Auch die Behauptung von Devi, die Schulen würden mit solchen Problemen alleine gelassen, erntet Widerspruch. Dzembritzki verweist etwa auf Projekte im Rahmen der Landeskommission Berlin gegen Gewalt, die „kiezorientierte Präventionsansätze“ fördern, sowie die „Respect Coaches“ oder die Prevent-Beratungsstelle Berlin, eine Fachstelle für Pädagogik zwischen Islam, antimuslimischem Rassismus und Islamismus. Albers von der GEW nennt die SIBUZ, die schulpsychologischen Beratungs- und unterstützungszentren in den Bezirken, als Ansprechpartner. Hızarcı weist auf die KIgA hin, die Schulen bei Problemen mit Antisemitismus unter Schü­le­r*in­nen ansprechen können.

Insgesamt gebe es „viele Organisationen, die hierzu arbeiten und auch beraten können“, sagt Hızarcı. In der Bildungsverwaltung selbst gäbe es dafür Stellen. „Diese müssen halt ordentlich besetzt, ausgestattet und weiter ausgebaut werden“, sagte er der taz mit Blick auf seine frühere Stelle als Antidiskriminierungsbeauftragter, die seit seinem Abgang vor rund zwei Jahren nicht neu besetzt wurde.

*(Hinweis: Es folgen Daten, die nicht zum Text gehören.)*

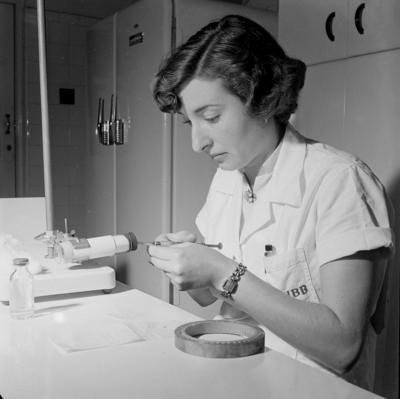 Squibb - funcionários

Devi-Chef Michael Hammerbacher erwidert auf taz-Anfrage, nicht er lege den Fokus auf die Religion, die „Meldungen“ der Schulen über ihre Probleme sprächen für sich. Seinen Kritikern wirft er wiederum vor, die Situation zu verharmlosen, offenbar weil sie nicht den „eigenen politischen Wunschvorstellungen“ entspreche. Er beharrt: „Wir haben eine Schieflage im Präventionsangebot für die Berliner Schulen benannt, das sich richtigerweise zwar umfassend der Bekämpfung von Diskriminierung zuwendet, aber die Schulen mit dem Problem der konfrontativen Religionsbekundung und dem Islamismus weitgehend allein lässt.“

Die Erklärung der Bildungsverwaltung, erst mal eine wissenschaftliche Evaluation zu beauftragen, sieht er als Bestätigung seiner Position. Auch Bezirksbürgermeister Hikel „begrüßt“ gegenüber der taz, dass der Senat den berlinweiten Bedarf „vertieft analysieren“ will. Für Neukölln sei dies mit der Devi-Befragung bereits nachgewiesen, findet er.

Im Bezirk sehen das viele anders. Die Neuköllner Grünen, Zählgemeinschaftspartner der SPD, betonen, man habe eine „eine unabhängige Evaluation“ vereinbart. Die Linksfraktion hat für die BVV am Mittwoch Fragen vorbereitet.

*In einer ersten Version des Textes hatte es geheißen, Devi und die Initiative seien „personell weitgehend identisch“. Dies ist falsch, es gibt lediglich Überschneidungen.